A year ago I wrote about zero tolerance, intolerance and Antjuanece Brown, the Portland teenager who was thrown in jail and labeled a felon for texting with her girlfriend. Antjuanece is out now and things seem to be better for her and Jolene; I hope they are.
Not much has changed, though: the last week saw California and Washington come dramatically closer to marriage equality even as Oregon still lags behind. In the same week, Canadian Safety Minister Vic Toews announced that anyone opposing an Internet surveillance bill there was “siding with child pornographers.” Easy targets remain easy targets.
That’s why there’s so much value in the work my friend Ben is doing at his blog Wrong on the Internet, and particularly in his latest entry:
“This is hard to deal with. I want to have the luxury of dehumanizing pedophiles and other rapists. I would like to pretend that I would never be like that, never do something like that. But I can’t. That informs a lot of my writing here.”

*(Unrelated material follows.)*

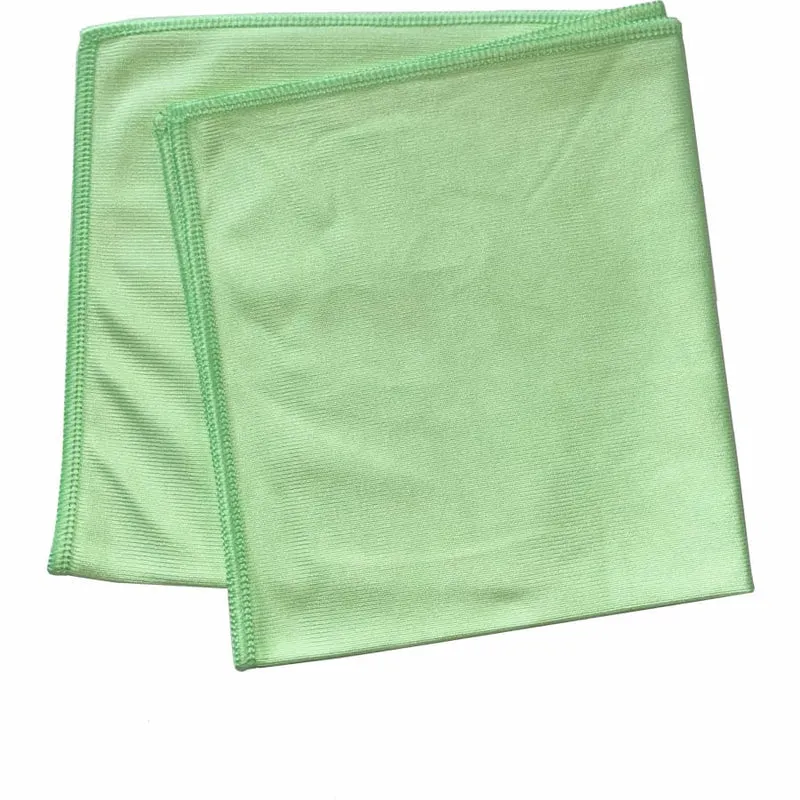 FINE-LINE Microfaser Glastuch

It’s difficult to read, a fact that has nothing to do with Ben’s considerable writing skill. At a certain point the mind flops down and demands that some things must be absolute, that you must be able to point at some set of Others and declare those are the bad guys. We’re wired for that behavior, deep in our instincts. The cognitive battle to remember the contrary is exhausting, and it never ends.
I’m not arguing for total moral relativity here: I’m arguing for vigilance, because the kind of dehumanization in which we regularly engage is a dangerous exploit for our brains. It’s one thing to say that some people do evil. But to strip the humanity from evildoers is to remove the horrible weight and substance of their acts. What if you were a survivor? What choices would you make if your survival had damaged you? “The answers are out there,” the man said, “but they will not improve your self-esteem.”